TASK: The answer must restate the listing word for word, without its images.

·····

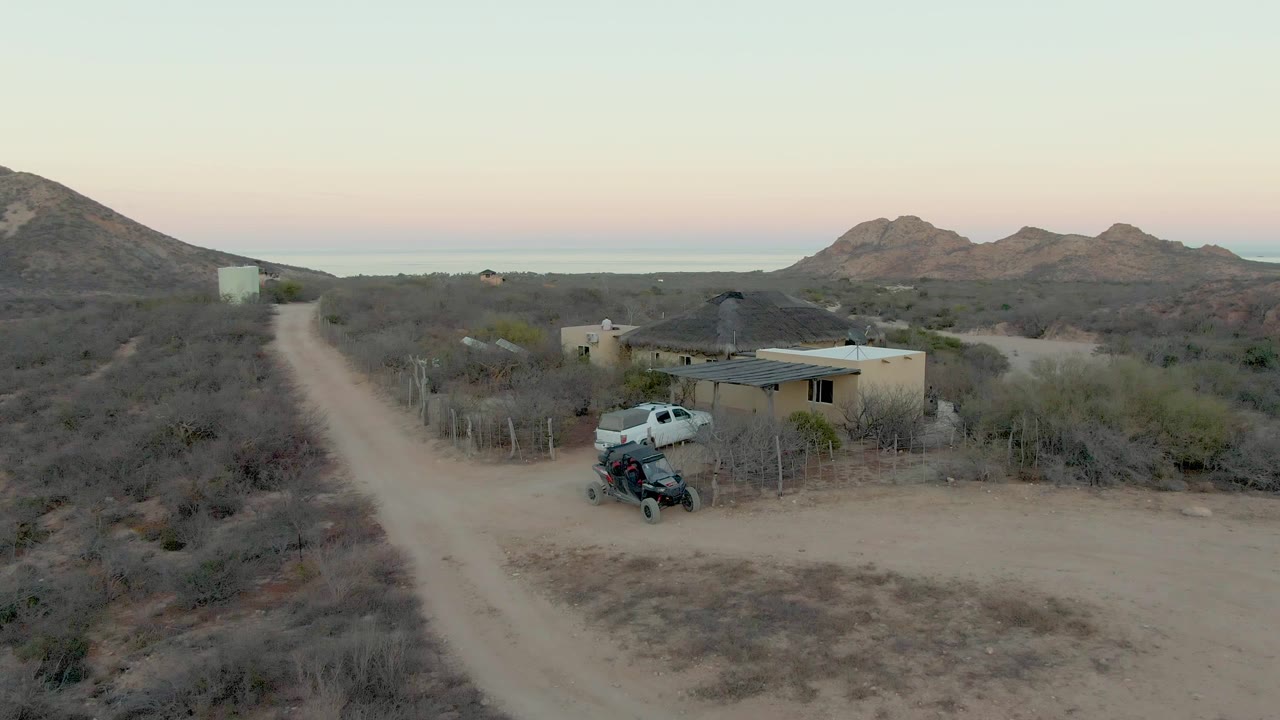 White truck moves closer to a small house beside a dusty road.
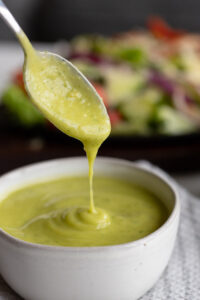 avocado lime dressing dripping into a bowl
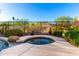 Inviting backyard spa and pool area surrounded by lush desert landscaping at 12798 W Dove Wing Way, Peoria, AZ 85383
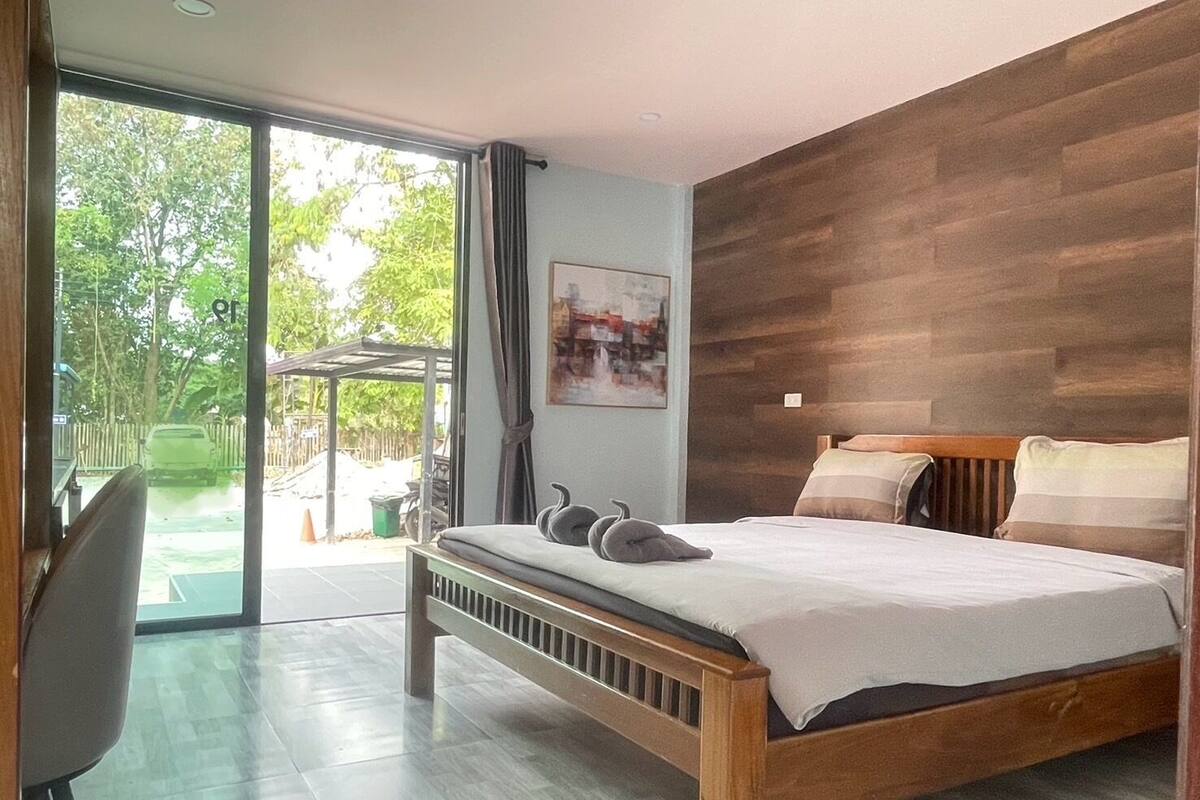 A modern bedroom with a wooden bed, a large window, and a view of the outdoors.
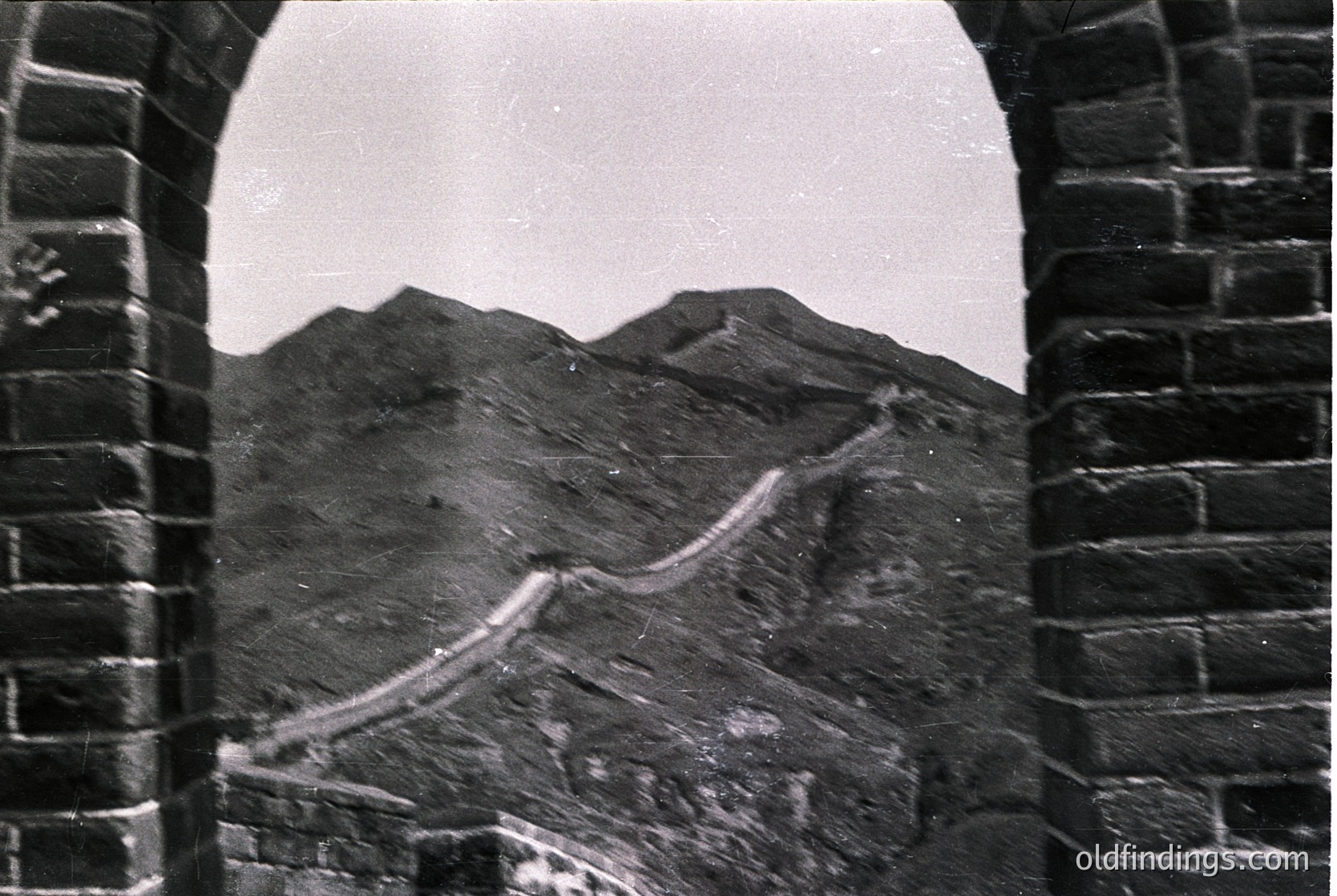 Black-and-white archival shot of the Great Wall winding through rugged mountains, framed by a stone archway. Distinctive brickwork and winding path highlight engineering of Ming/Qing dynasties. Likely 19th–early 20th century.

·····

REPLY TO THE EXERCISE:
 White truck moves closer to a small house beside a dusty road.
 avocado lime dressing dripping into a bowl
 Inviting backyard spa and pool area surrounded by lush desert landscaping at 12798 W Dove Wing Way, Peoria, AZ 85383
 A modern bedroom with a wooden bed, a large window, and a view of the outdoors.
 Black-and-white archival shot of the Great Wall winding through rugged mountains, framed by a stone archway. Distinctive brickwork and winding path highlight engineering of Ming/Qing dynasties. Likely 19th–early 20th century.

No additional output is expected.